• _TASK GOAL_
Once you have read the data below, set it all down again exactly.

==== DATA TO USE

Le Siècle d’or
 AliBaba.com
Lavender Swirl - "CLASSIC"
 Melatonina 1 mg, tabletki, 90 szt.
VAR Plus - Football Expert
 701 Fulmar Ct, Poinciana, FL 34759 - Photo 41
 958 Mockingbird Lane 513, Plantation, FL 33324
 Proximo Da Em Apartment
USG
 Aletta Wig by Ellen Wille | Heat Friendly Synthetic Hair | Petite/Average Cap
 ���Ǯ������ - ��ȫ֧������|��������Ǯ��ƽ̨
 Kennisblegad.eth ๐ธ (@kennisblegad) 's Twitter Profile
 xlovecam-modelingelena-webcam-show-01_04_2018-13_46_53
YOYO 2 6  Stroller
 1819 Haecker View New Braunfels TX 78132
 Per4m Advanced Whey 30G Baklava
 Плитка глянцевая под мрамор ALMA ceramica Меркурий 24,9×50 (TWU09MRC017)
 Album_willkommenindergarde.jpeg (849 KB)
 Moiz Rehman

========

• _PROBLEM SOLUTION_
Le Siècle d’or
 AliBaba.com
Lavender Swirl - "CLASSIC"
 Melatonina 1 mg, tabletki, 90 szt.
VAR Plus - Football Expert
 701 Fulmar Ct, Poinciana, FL 34759 - Photo 41
 958 Mockingbird Lane 513, Plantation, FL 33324
 Proximo Da Em Apartment
USG
 Aletta Wig by Ellen Wille | Heat Friendly Synthetic Hair | Petite/Average Cap
 ���Ǯ������ - ��ȫ֧������|��������Ǯ��ƽ̨
 Kennisblegad.eth ๐ธ (@kennisblegad) 's Twitter Profile
 xlovecam-modelingelena-webcam-show-01_04_2018-13_46_53
YOYO 2 6  Stroller
 1819 Haecker View New Braunfels TX 78132
 Per4m Advanced Whey 30G Baklava
 Плитка глянцевая под мрамор ALMA ceramica Меркурий 24,9×50 (TWU09MRC017)
 Album_willkommenindergarde.jpeg (849 KB)
 Moiz Rehman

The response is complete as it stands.